The Madonna phenomenon was now such that university professors, gender-studies experts and feminists earnestly discussed her influence as a post-modernist cultural icon. Yet, in the words of Angie Bowie, the former wife of Madonna’s hero, David Bowie, Madonna’s creed was simpler: ‘I’m a sexy woman, yeah, yeah, yeah.’

 

Although she had now achieved the success and adulation she had craved for so long, 1985 was to be a year of very mixed emotions as Madonna the individual struggled to cope with her new life as a modern icon. At first she reveled in her celebrity status. Ever since Madonna had first appeared in a fashion spread in the
Village Voice
, she had saved every press clipping about herself, carefully labeling and dating each one. Each morning she read the New York tabloids and the
New York Times
, scouring them for stories about herself. Then she would look over clippings sent by her press secretary, Liz Rosenberg. While publicly she feigned indifference when a critic wrote a withering review or when a reporter made up a negative story about her, she was frequently hurt by such coverage, often losing sleep if a particular remark hit home. She took, and takes, the position that those who judge her negatively, since they neither know her nor have ever been in her position, artistically or personally, have no right to throw stones. It would take several years before Madonna truly began to feel comfortable with her star status, with the adulation and the isolation.

She came to understand that constant limelight was both a blessing and a curse.
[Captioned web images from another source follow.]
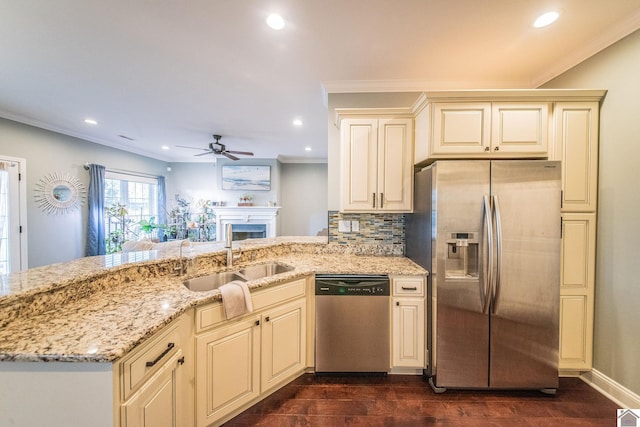 kitchen with light stone counters, stainless steel appliances, sink, cream cabinets, and dark hardwood / wood-style floors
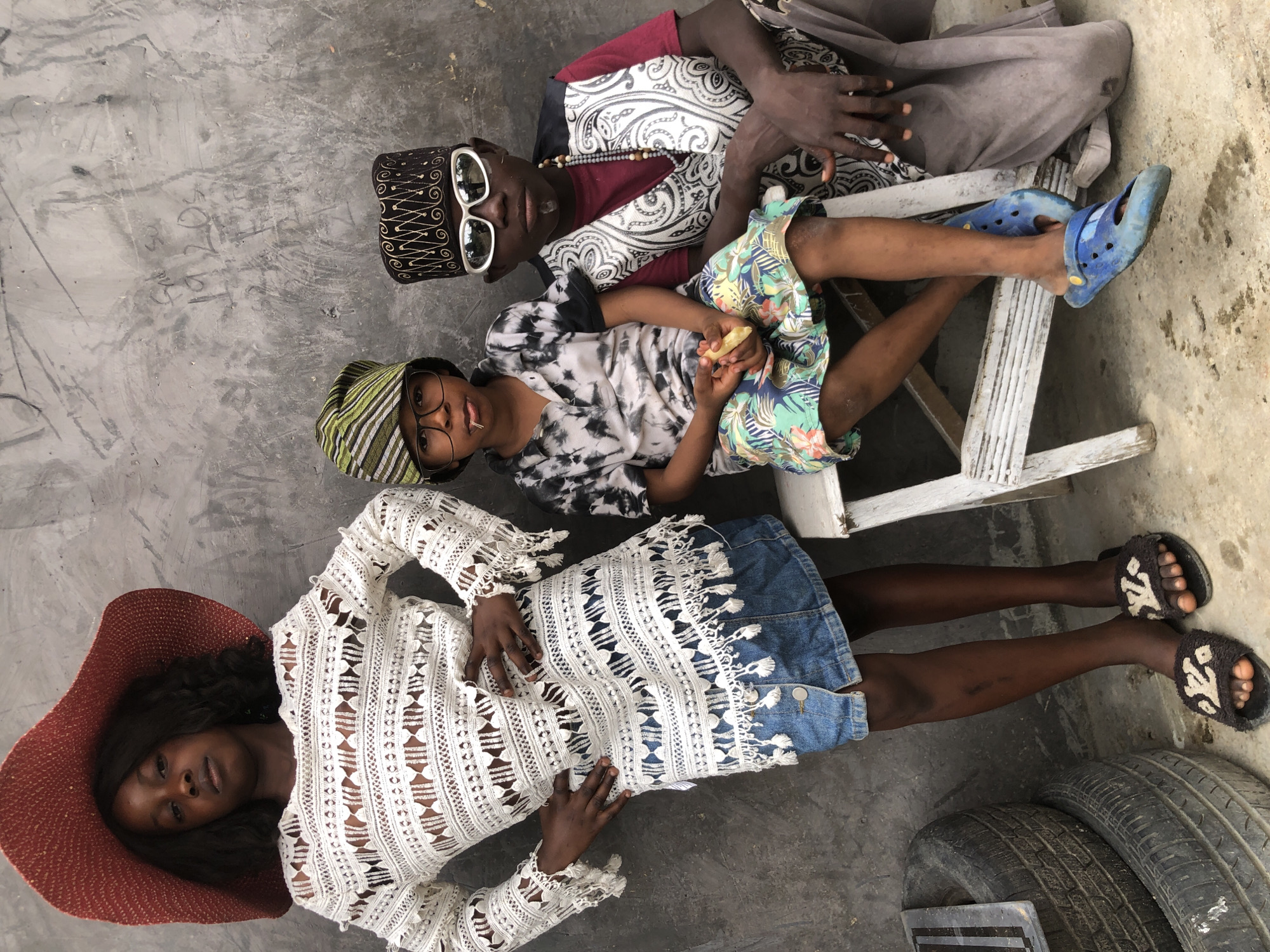 In Ado, Nigeria, three young people pose against a rough, grey concrete wall. On the left, a girl stands wearing a large, red sun hat and a white, intricately patterned, long-sleeved crochet dress over a denim skirt. She has her hands on her hips. To her right, seated on a white, slatted wooden stool, are two boys. The boy on the left wears a green and white striped cap, glasses, and a tie-dye t-shirt with a colorful patterned skirt. He holds a piece of food in his hand and has a piece of food in his mouth. The boy on the right wears a black and gold patterned cap, white sunglasses, a red shirt, and a black and white patterned vest. He has a beaded necklace and is holding a piece of food. Behind the children, the wall is marked with graffiti, including the numbers "1920s". To the left of the girl, a stack of tires is visible. The ground is concrete.
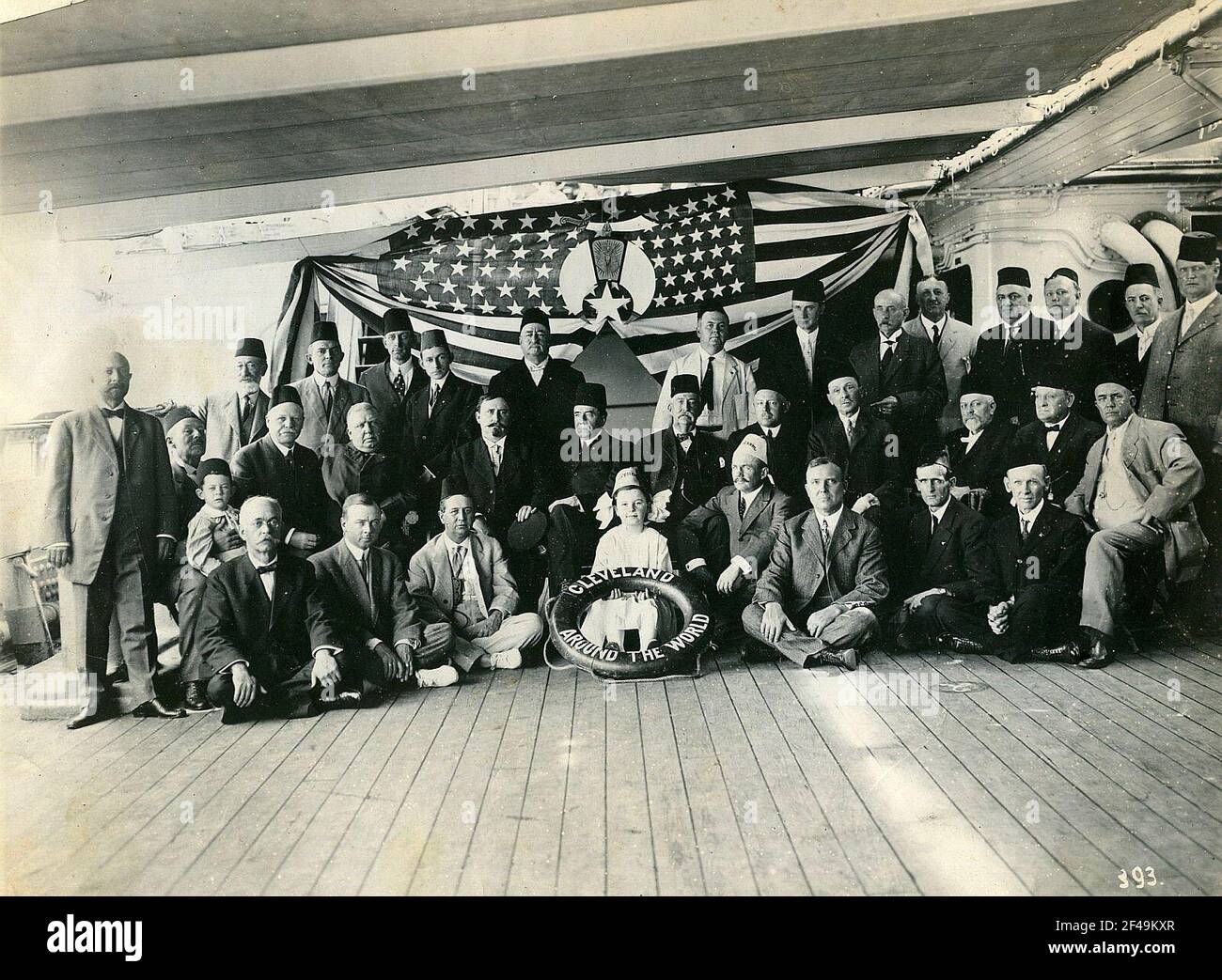 Formazione di gruppo con il Fest che sostiene il Signore sul ponte di decleveland contro la bandiera americana con emblema egiziano. Nel mezzo piccola ragazza con stile di vita (Cleveland intorno al mondo) e Fes con l'iscrizione Siria, accanto ad esso un Signore con Fes Salaam Foto Stock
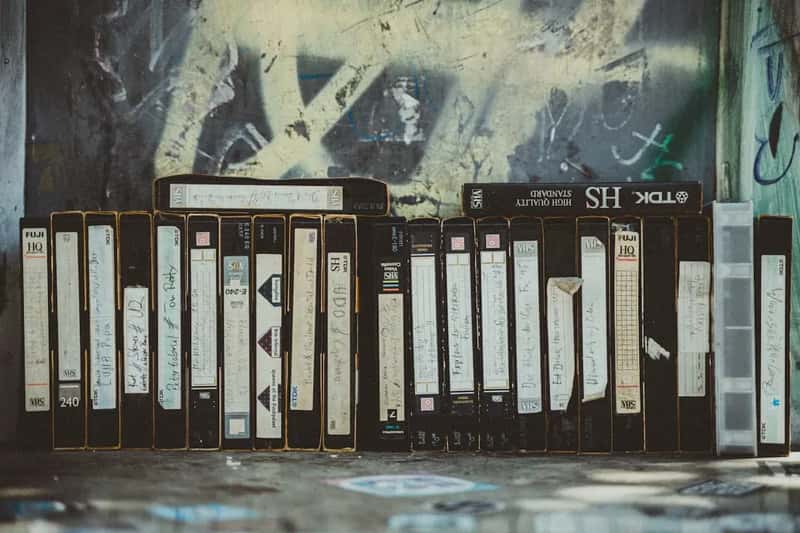 #25 - VHS Tapes With Handwritten Labels Stacked in Towers Near the TV (Image Credits: Unsplash)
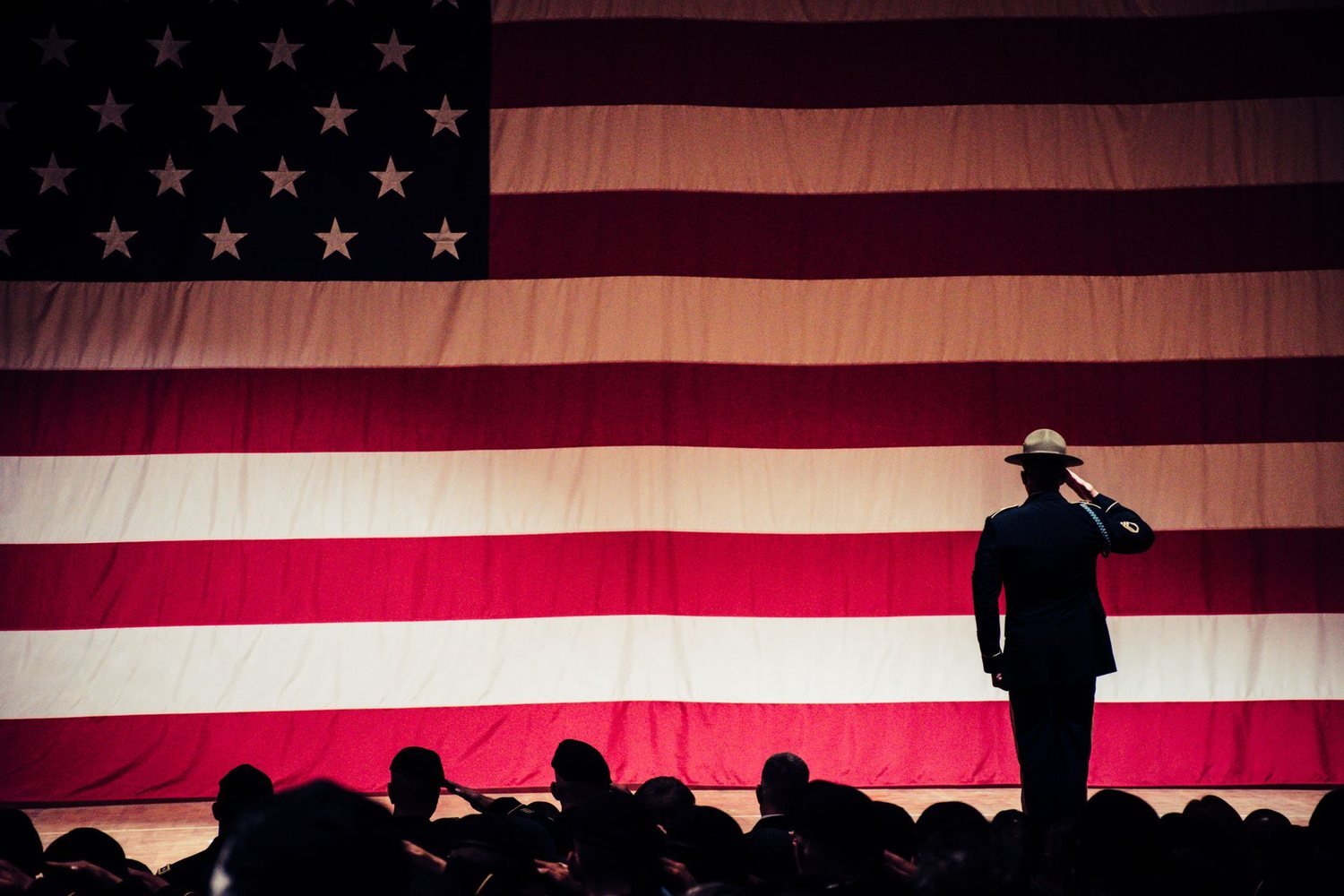 Soldier saluting the American flag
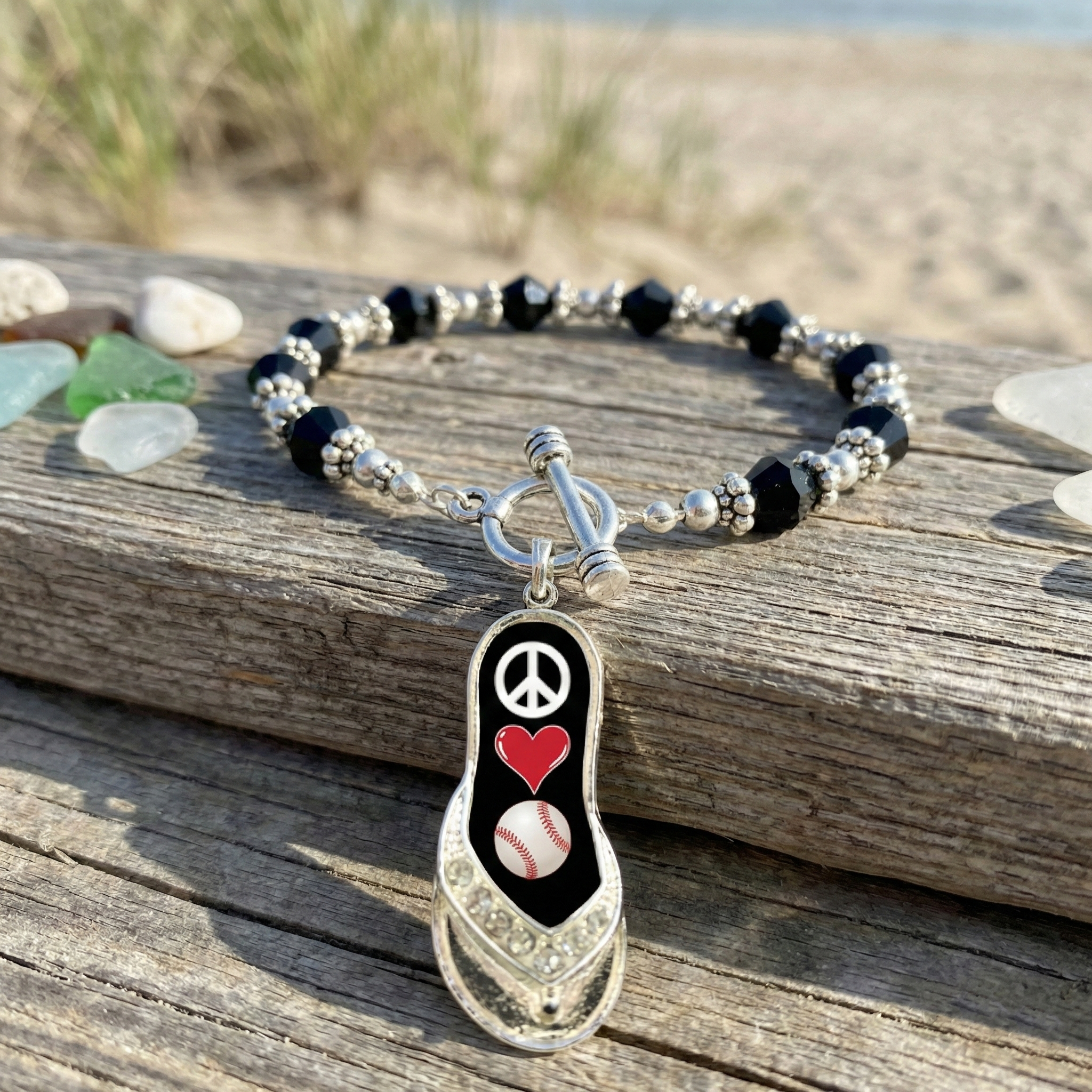 peace love baseball flip flop toggle bracelet near the beach displayed on wood with colorful sea glass. 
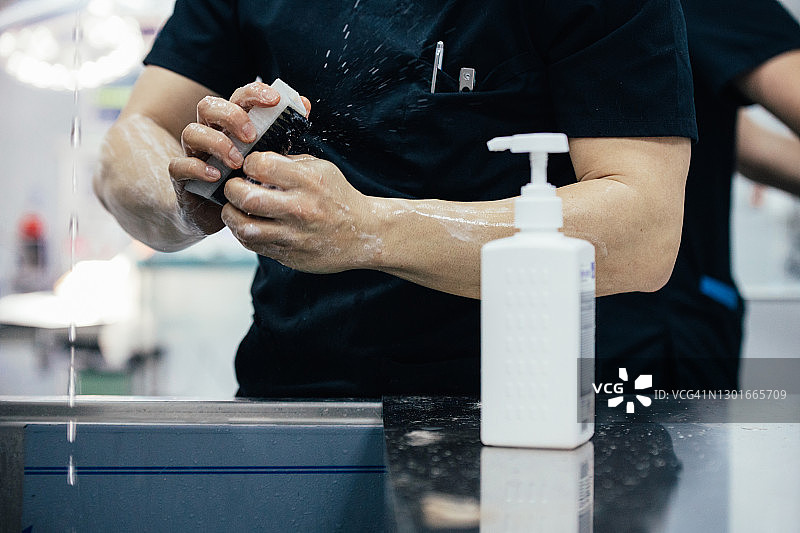 医院内，医生用刷子清洗消毒双手图片素材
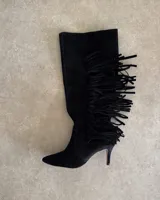 Bota de caña alta confeccionada en cuero vacuno negro, con diseño de flecos laterales y taco fino.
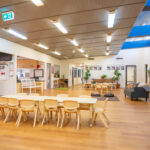 Spacious learning room with modern timber ceiling and natural furniture at Newman centre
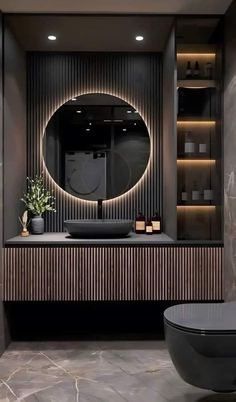 a bathroom with a round mirror above the sink and a black bathtub in front of it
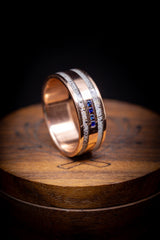 Shown here is  A custom, handcrafted men's wedding ring featuring antler inlays and 4 sapphires. Additional inlay options are available upon request.-Unique 14K Wedding Band Featuring Sapphire And Antler - Staghead Designs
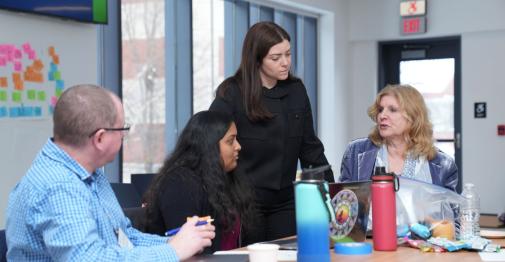 CSCU educators talk in a meeting room at Central 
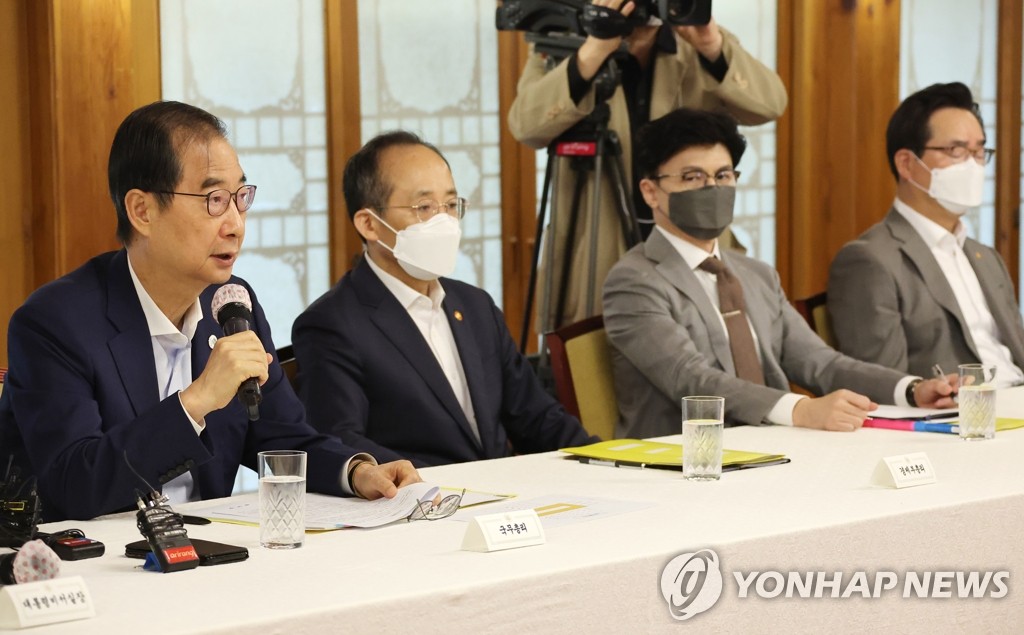 El primer ministro surcoreano, Han Duck-soo (izda.), habla en una reunión con los líderes del gobernante Partido del Poder del Pueblo y funcionarios presidenciales de alto rango, celebrada, el 25 de septiembre de 2022, en la oficina de Han, en Seúl.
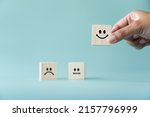Small photo of Concept of customer satisfaction review. Wooden blocks with facial expression and the "Best score" was chosen. To evaluate business performance you need a survey from customer experience.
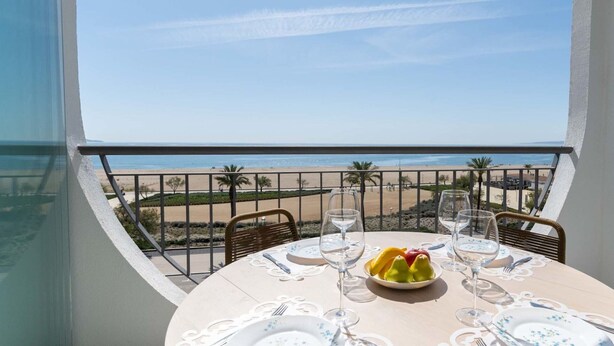 A dining table with a view of the beach and ocean. - Nice apartment for 2 people with A/C, WIFI, TV, terrace and pets allowed (Empuriabrava)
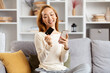 Happy Young Woman Using Smartphone And Holding Credit Card On Couch, Online Shopping, Mobile Banking In Modern Living Room.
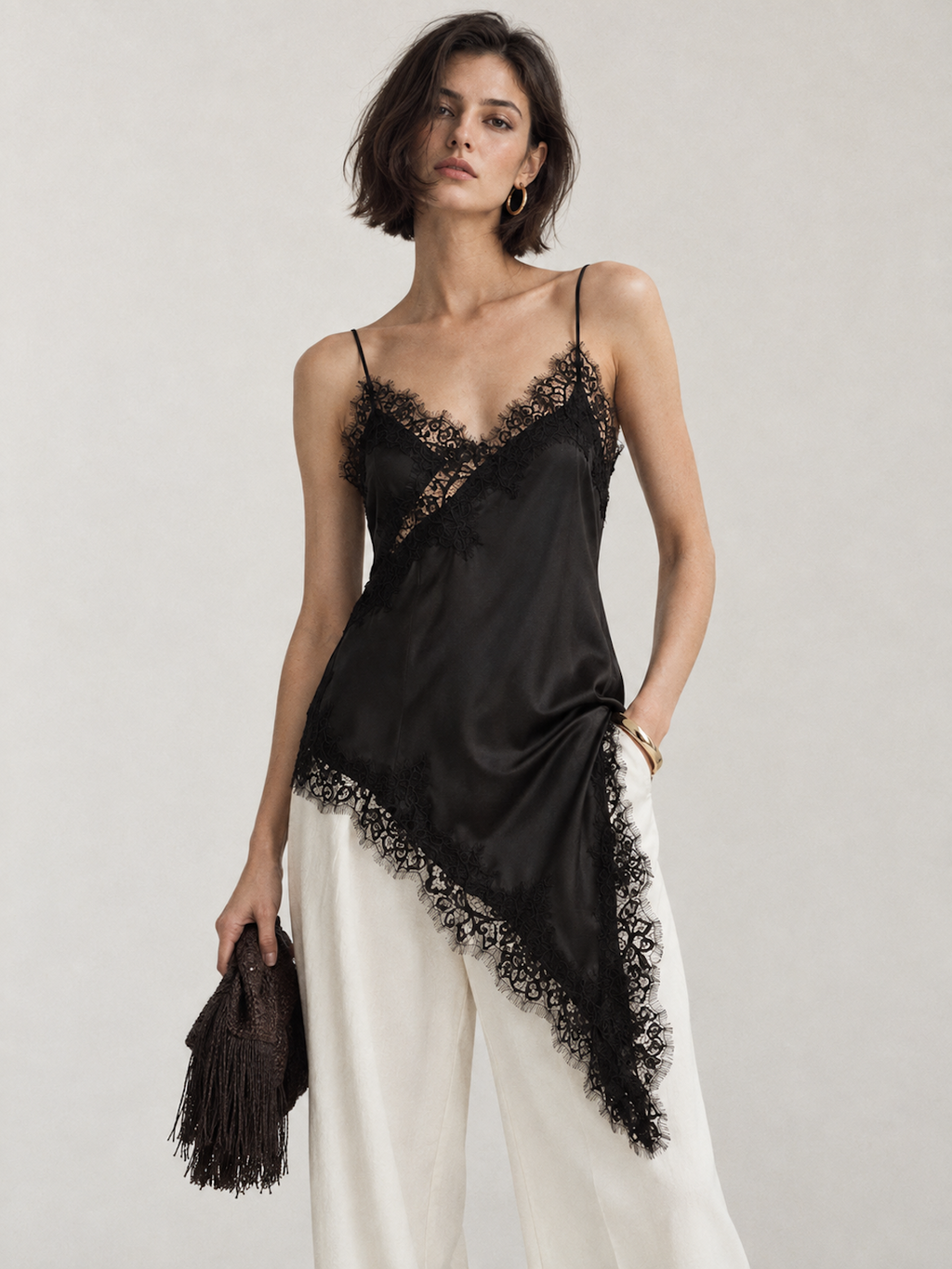 Model wearing the Black Elévaison Renata Sleeveless Top with lace trim and an asymmetric pointed hem in a pale gray studio.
Gone were the days of getting around New York on her bicycle, taking the subway, or visiting the local laundromat unrecognized. When she went to restaurants, other diners would talk about her or just stare, while paparazzi photographers waited for her outside, the more daring walking up to her table and snapping a picture as she ate.

She was disconcerted to find that universal recognition was not something that she enjoyed. ‘It really bothered me,’ she recalls, and admits that, at times, she felt ‘caged’ in her own room. As Steve Bray commented laconically, ‘She always wanted to be the center of attention. Now it’s her job.’ Her changed circumstances were witnessed one evening by video producer Ed Steinberg, whose path and Madonna’s had first crossed in 1981 when she was a struggling unknown. He spotted her at the Lucky Strike Club, trying hard to be inconspicuous at the back of the room, and surrounded by bodyguards and other assistants. ‘I thought that it must be great to have her money, entrée and fame, but I would not want to be her. She looked very lonely. Who could she now trust? Did people want to be her friend because of who she was or what she could do for them?’

Certainly, some of Madonna’s closest acquaintances were having trouble coming to terms with her rise to fame. Her ex-lover from 1983, Jean-Michel Basquiat, went into a deep depression when, in May 1985, her face appeared on the cover of the prestigious
Time
magazine. His artistic sensibilities outraged, he felt that he was more talented than she, and that it should be his face fronting such publications, not hers. Even Madonna’s younger sister Paula complained to Steinberg, who had employed her at the time, that she was a better singer than her sister and should therefore be the star of the family. Steinberg sympathized. ‘It was very hard on Paula always living in the shadow. She was a nice kid, used by the New York crowd as a kind of substitute for her sister.’

Some felt walked over by Madonna on her route march to stardom, others carelessly discarded. Madonna herself was typically unapologetic. ‘I’m tough, I’m ambitious and I know exactly what I want,’ she argued. ‘If that makes me a bitch, that’s okay.’ When her former boyfriend Mark Kamins discovered that ‘Into The Groove,’ which Madonna had specifically written for his latest protégée, Cheyne, had been recorded instead for the film
Desperately Seeking Susan
, he hit the roof. It was only after he had paid to record the song that he learned that she herself had recorded it for the film’s soundtrack. While ‘Into The Groove’ would come to be described as Madonna’s ‘first great single,’ it left an angry Kamins out of pocket. ‘I was pissed at her,’ he says – more angry that she had not taken the trouble to tell him than about the cost.